- _Task details_
Below are records with pictures. Reproduce exactly the lines from the line with "Potwierdzone Info – posłuchaj płyty w Deezer" to the line with "GMC يوكن 2009", inclusive, and leave each picture out.

- _Records supplied_
───

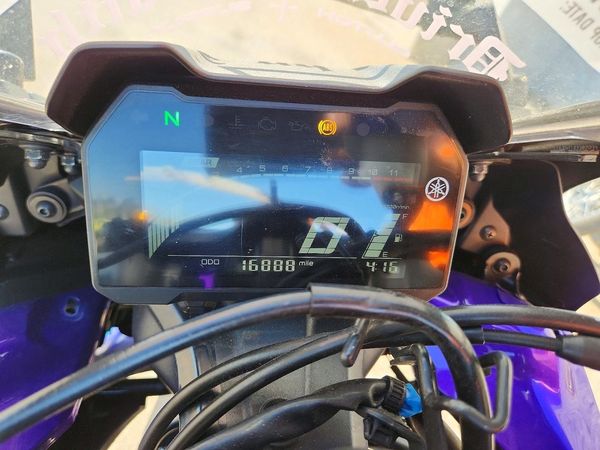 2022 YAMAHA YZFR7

───

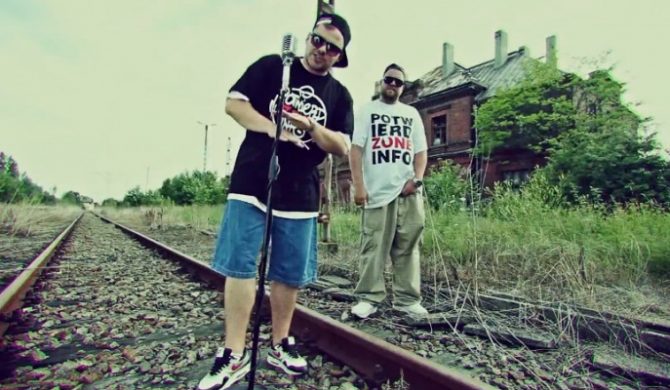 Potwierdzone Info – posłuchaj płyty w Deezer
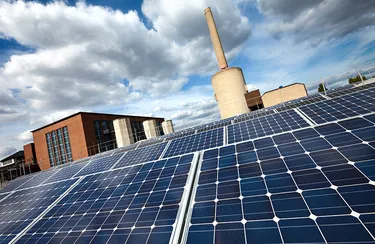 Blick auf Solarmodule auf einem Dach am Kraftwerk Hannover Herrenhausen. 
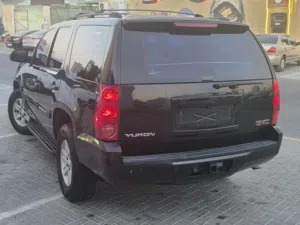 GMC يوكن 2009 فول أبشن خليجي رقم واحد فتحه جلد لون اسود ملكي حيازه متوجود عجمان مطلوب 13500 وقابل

───

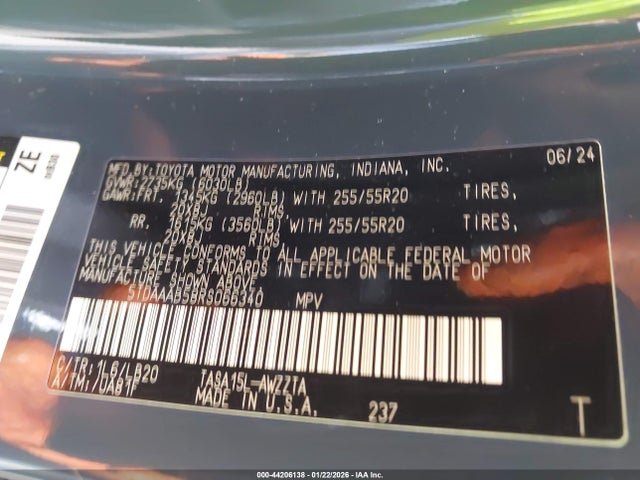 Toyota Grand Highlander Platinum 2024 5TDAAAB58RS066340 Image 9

───

- _Solution for this exercise_
 Potwierdzone Info – posłuchaj płyty w Deezer
 Blick auf Solarmodule auf einem Dach am Kraftwerk Hannover Herrenhausen. 
 GMC يوكن 2009 فول أبشن خليجي رقم واحد فتحه جلد لون اسود ملكي حيازه متوجود عجمان مطلوب 13500 وقابل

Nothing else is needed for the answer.